Tuesday, November 30, 2010

BOOK CLUB: How We Test Software at Microsoft (4/16)

This is the fourth installment in the TESTHEAD BOOK CLUB coverage of “How We Test Software at Microsoft”. With this chapter, we move into what Alan referred to in the introduction as the “About Testing” phase of the book, where he and the other authors talk about Testing skills in general. Chapter 4 covers Test Case Design.

Chapter 4: A Practical Approach to Test Case Design

Alan makes the case that Microsoft does not develop products with a short shelf life, generally speaking. While some applications and Operating systems have a bigger impact than others, it’s generally a given that an Operating System or an Office Suite may well be in use for 10 years or more, so the tests that are developed need to be robust enough to be in active use for at least a decade, if not longer. As a user of certain applications, I happen to know this is the truth. While I have a laptop that is running with the latest and greatest applications (Windows 7, Office 2010, etc.) my work desktop is still running Windows XP and Office 2007. Various virtual machines that I maintain and use for testing have Operating systems as far back as Windows 2000, Office 2000, SQL Server 2000, etc., because we have customers that still actively use these technologies. So I get where Alan’s coming from here.

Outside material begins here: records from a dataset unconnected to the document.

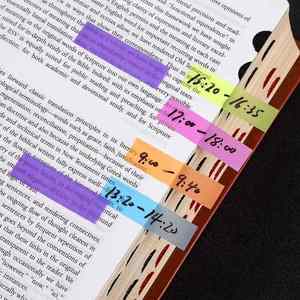 Lot de 12 marque-pages adhésifs transparents pour annoter les livres, notes autocollantes, marque-pages pour la lecture, inscriptibles et repositionnables - Product Image 2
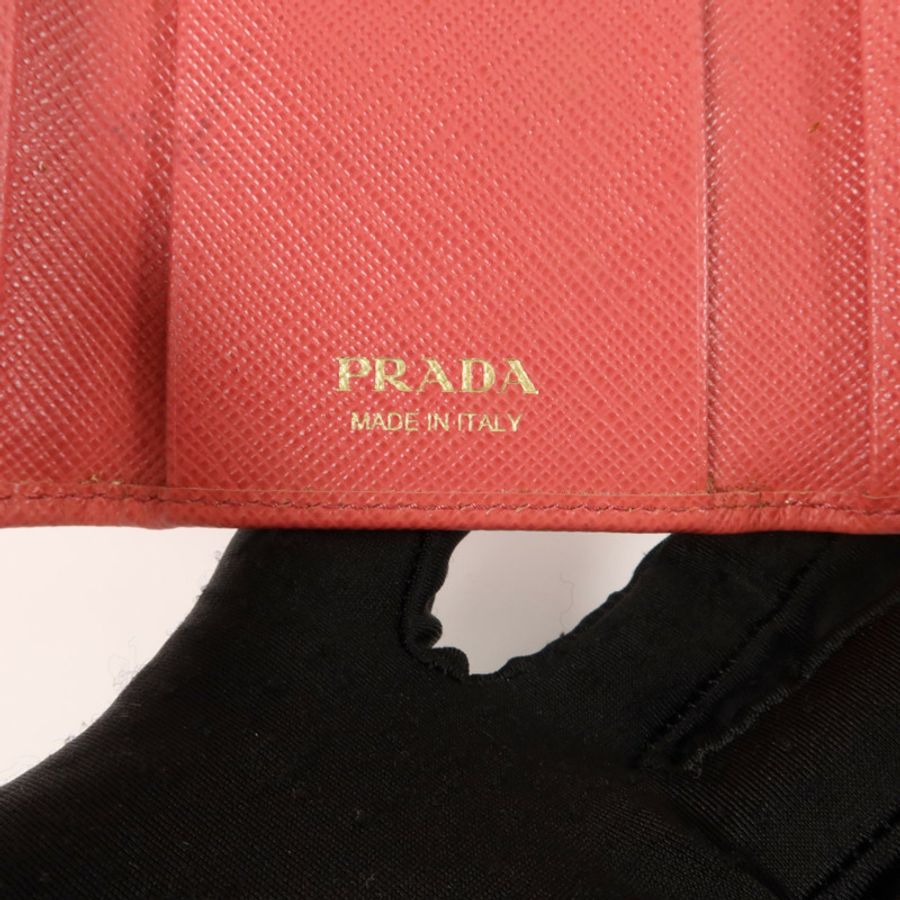 PRADA Saffiano皮革Key Holder Case鎖匙包-5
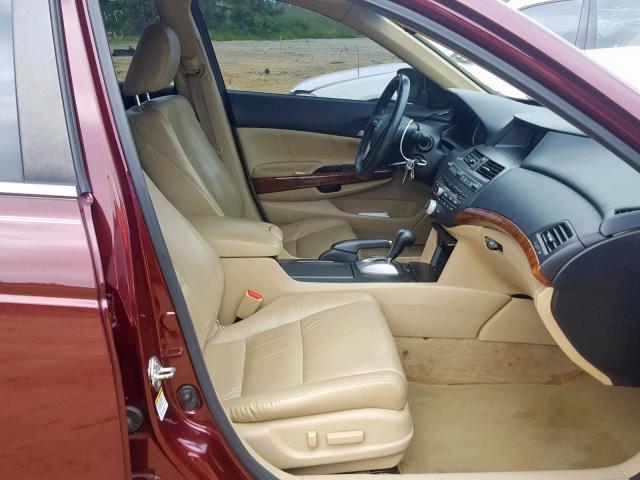 1HGCP3F8XCA014561 - 2012 HONDA ACCORD EXL MAROON photo 5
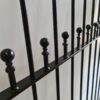 Ball Top Railhead Metal Gates SMR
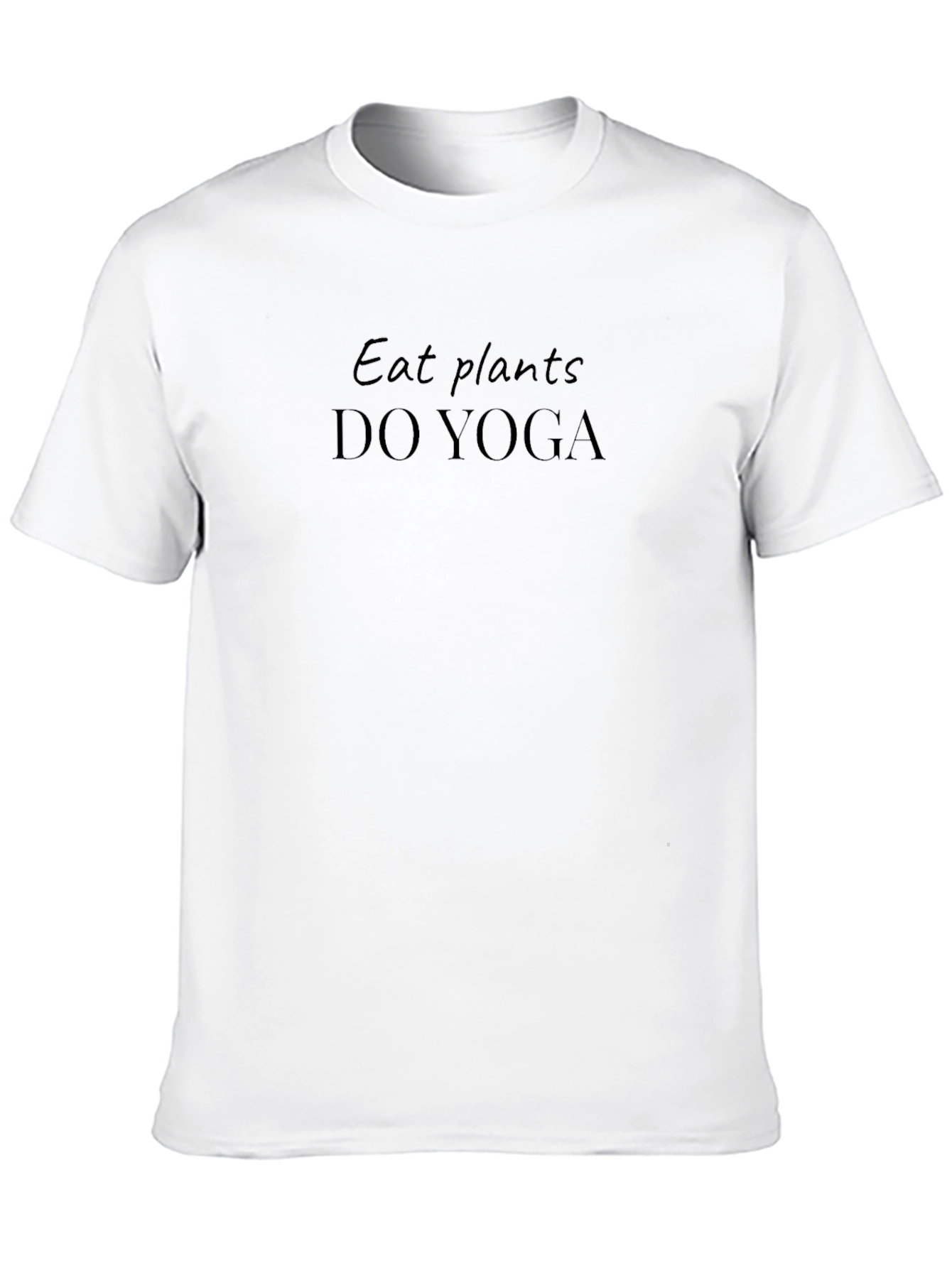 Black Eat Plants Do Yoga Graphic T-Shirt view 10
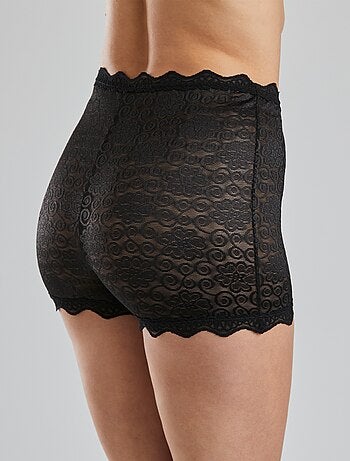 Culotte shorty dentelle - lot de 2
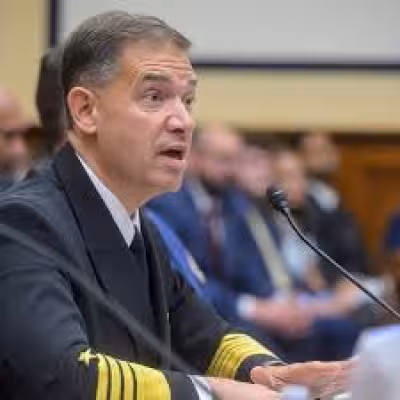 Seth Moulton clashes with Adm. Brad Cooper over Iran, war powers and risk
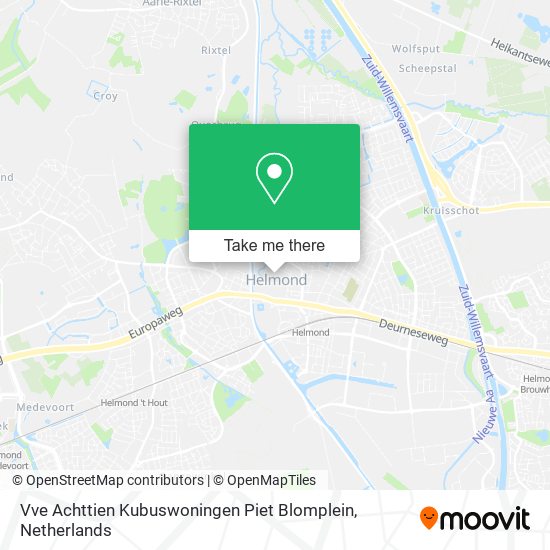 Vve Achttien Kubuswoningen Piet Blomplein map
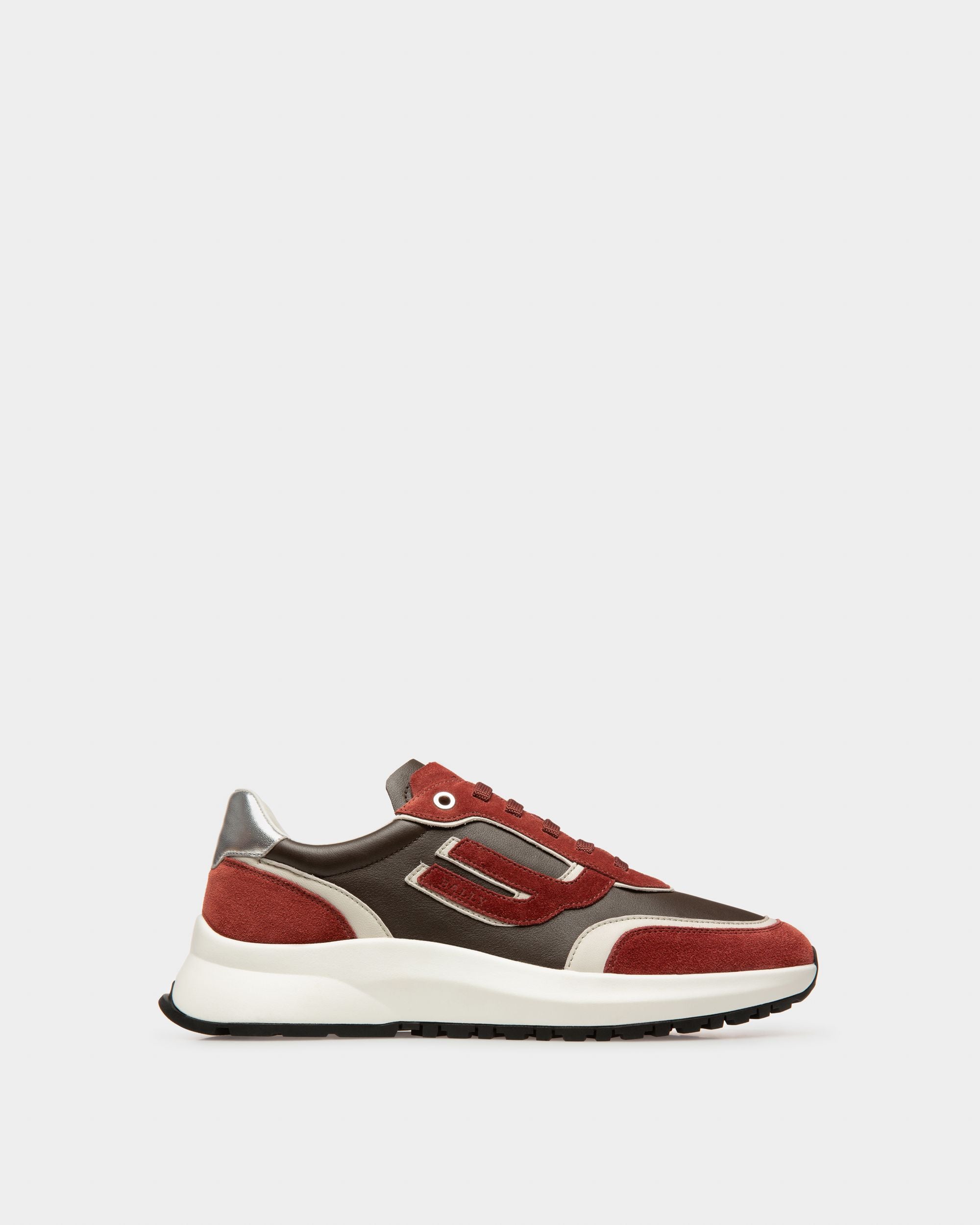Demmy Leder-Sneaker In Heritage-Rot Und Braun - Herren - Bally - 01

Test automation is especially helpful when you have nailed down the long term test cases and have a good feeling they will not be changing (or the likelihood of change is very small). Manual testing is also required, but making the effort to design test cases that are robust, intelligent and focused is essential regardless of the method used to execute them.

Neat aside: Microsoft Office 2007 had more than 1 million test cases written for it. Divide that by the three thousand “feature crews” (see chapter three summary for description of a Feature Crew), and see that that gives an average of around three hundred test cases for each feature crew. That’s entirely believable, and may even be seen as “light” by some standards, but when combined, wow!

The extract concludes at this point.